Exercise requirements:
Reproduction of part of the material below, pictures omitted: copy exactly, and only, the lines starting with the one with "Picture 6 of 12" and going on through the one with "Programme VIP illustré".

Source material:
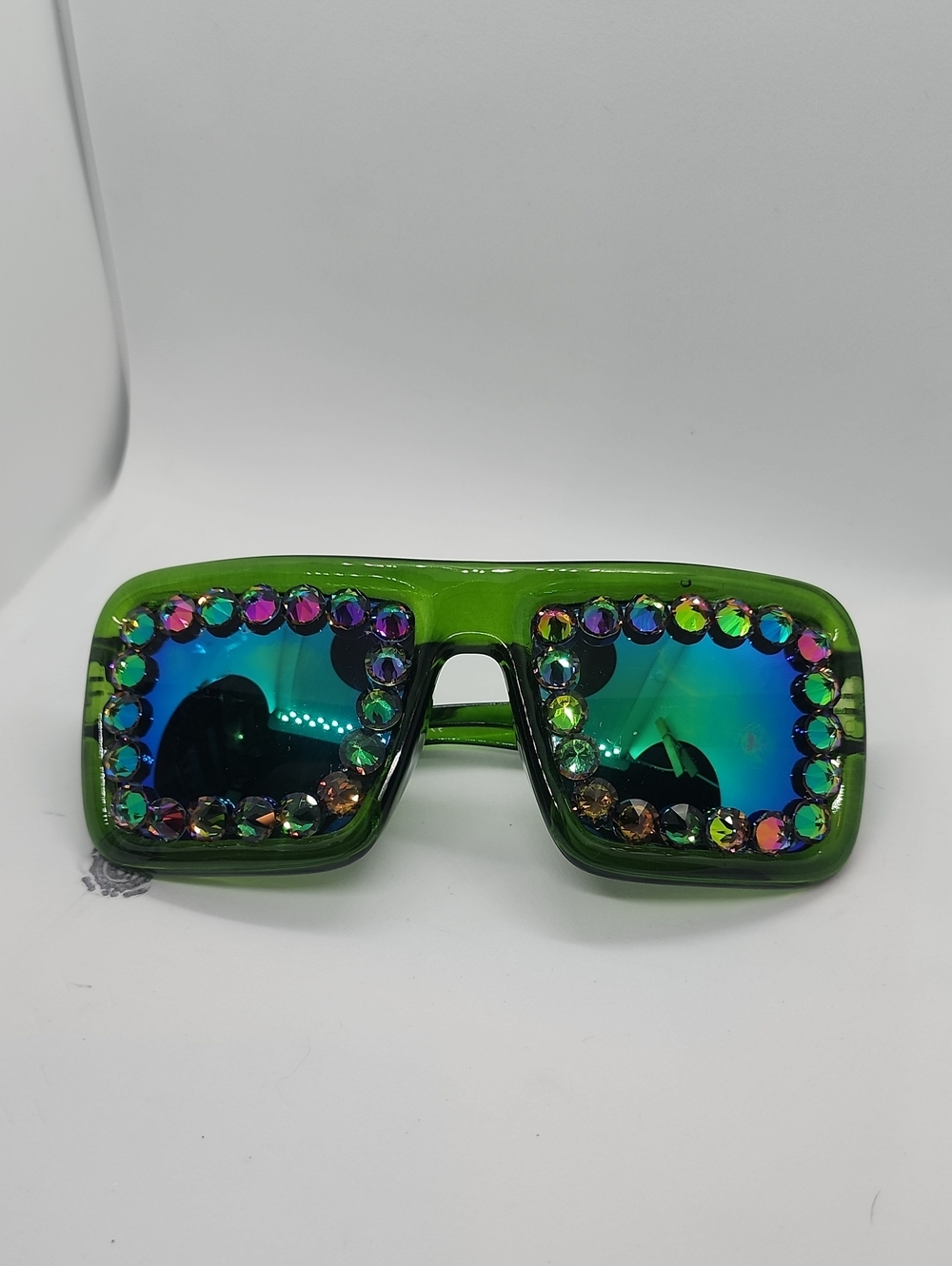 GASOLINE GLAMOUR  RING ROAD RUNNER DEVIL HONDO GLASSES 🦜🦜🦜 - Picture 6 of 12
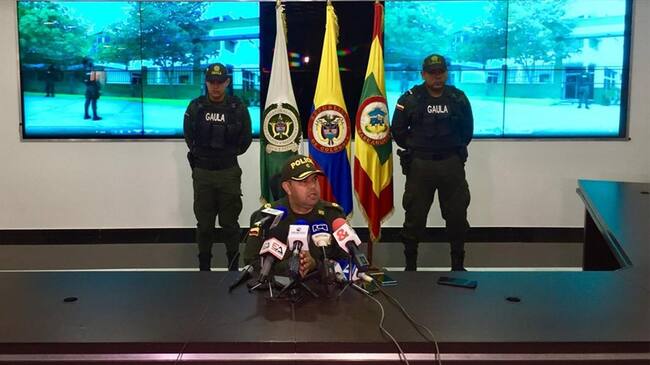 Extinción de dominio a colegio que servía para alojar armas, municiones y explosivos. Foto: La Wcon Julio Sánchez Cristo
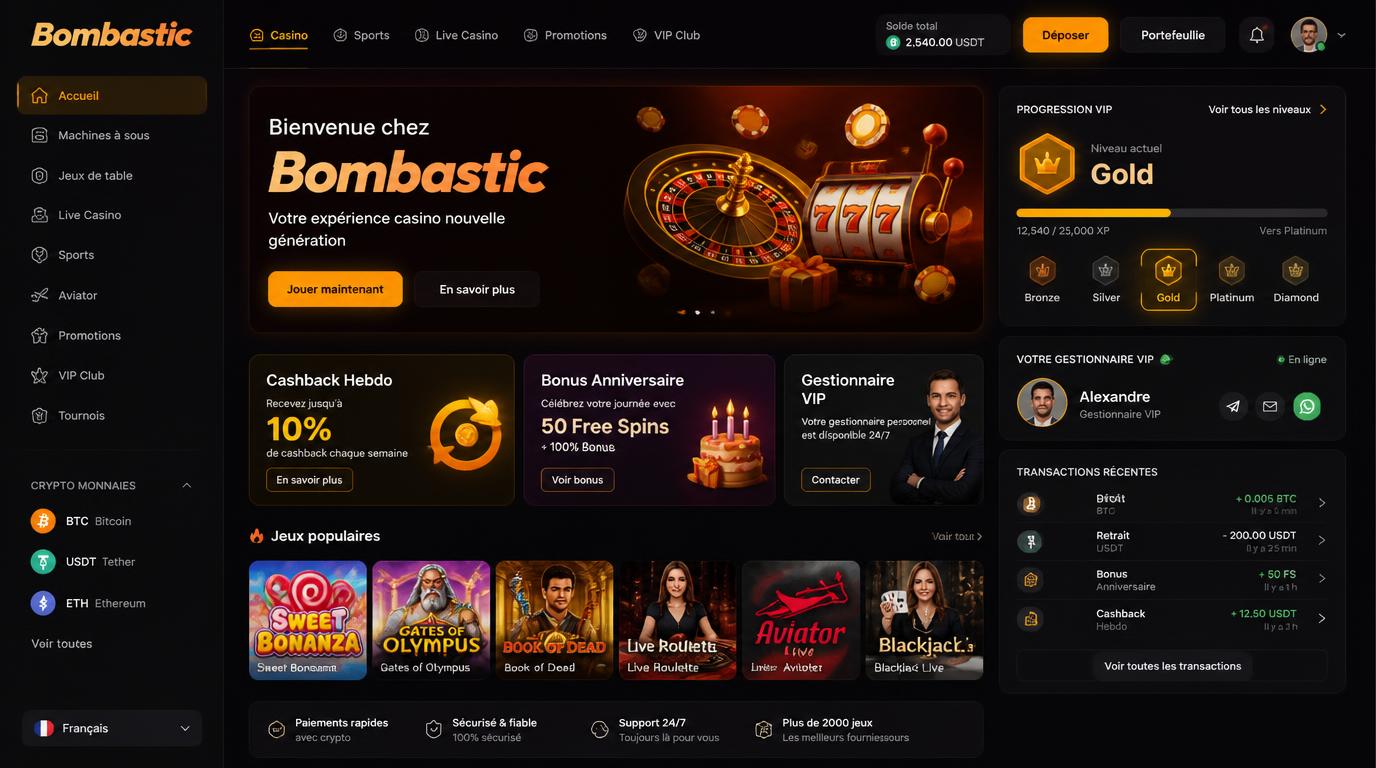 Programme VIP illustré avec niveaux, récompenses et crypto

---

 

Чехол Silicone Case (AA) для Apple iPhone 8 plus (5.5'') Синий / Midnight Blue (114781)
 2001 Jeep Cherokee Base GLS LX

Answer box:
 GASOLINE GLAMOUR  RING ROAD RUNNER DEVIL HONDO GLASSES 🦜🦜🦜 - Picture 6 of 12
 Extinción de dominio a colegio que servía para alojar armas, municiones y explosivos. Foto: La Wcon Julio Sánchez Cristo
 Programme VIP illustré avec niveaux, récompenses et crypto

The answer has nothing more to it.